SUPPLIED INFORMATION.
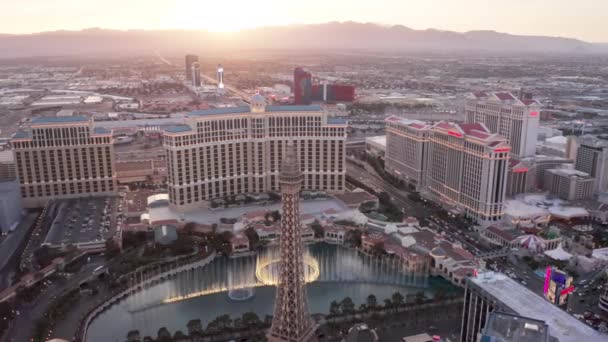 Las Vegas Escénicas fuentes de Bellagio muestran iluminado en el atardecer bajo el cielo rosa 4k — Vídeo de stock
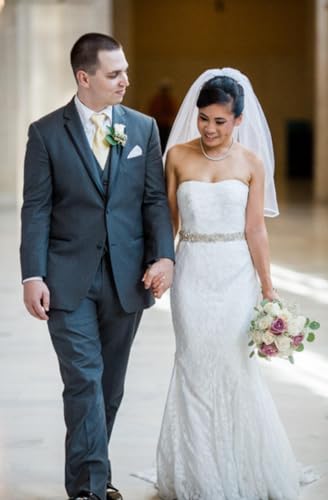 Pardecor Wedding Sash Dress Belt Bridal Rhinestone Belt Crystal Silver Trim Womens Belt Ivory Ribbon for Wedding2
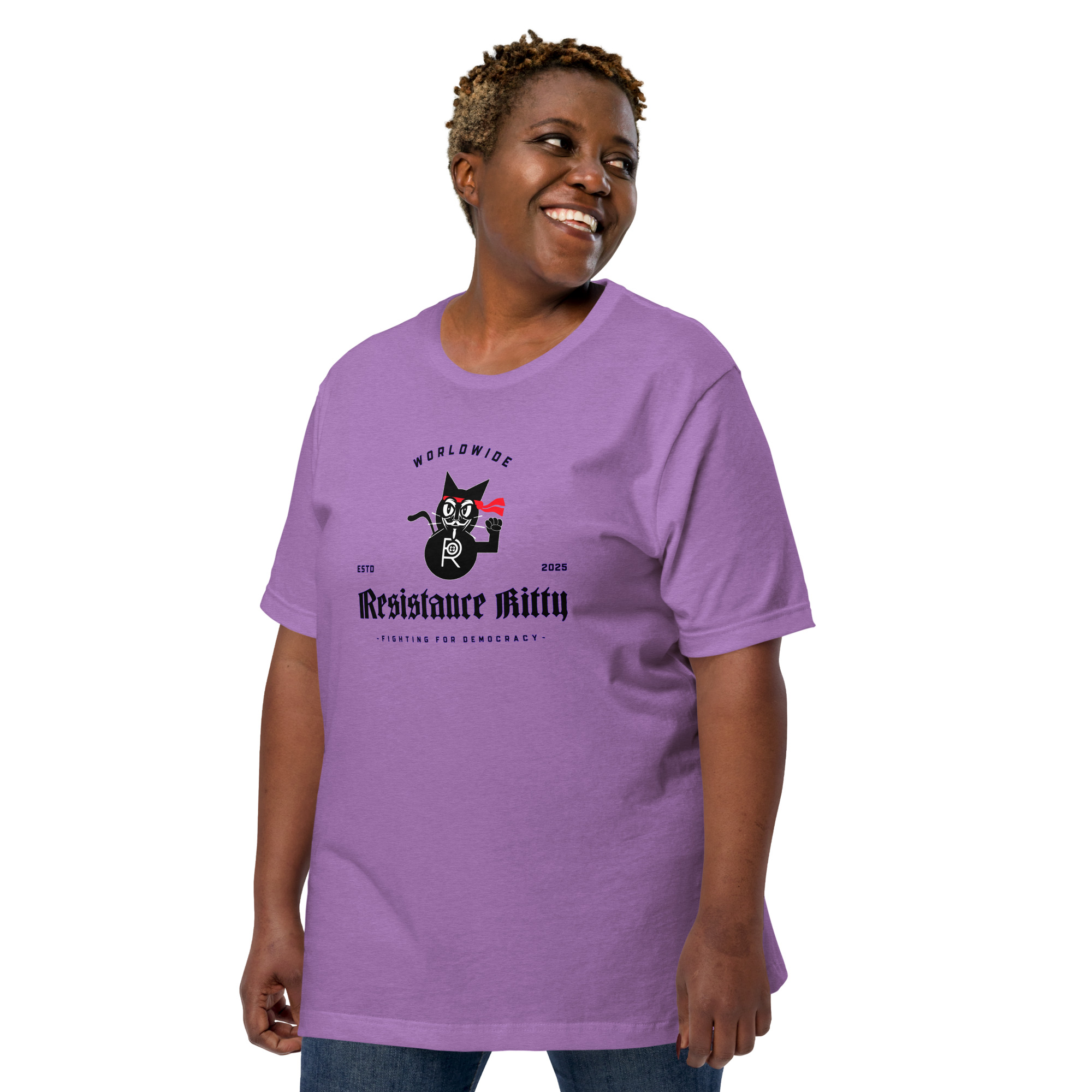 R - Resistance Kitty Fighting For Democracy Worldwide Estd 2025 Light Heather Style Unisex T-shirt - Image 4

TASK DESCRIPTION.
Return every line above word for word, minus images.

WRITTEN ANSWER.
 Las Vegas Escénicas fuentes de Bellagio muestran iluminado en el atardecer bajo el cielo rosa 4k — Vídeo de stock
 Pardecor Wedding Sash Dress Belt Bridal Rhinestone Belt Crystal Silver Trim Womens Belt Ivory Ribbon for Wedding2
 R - Resistance Kitty Fighting For Democracy Worldwide Estd 2025 Light Heather Style Unisex T-shirt - Image 4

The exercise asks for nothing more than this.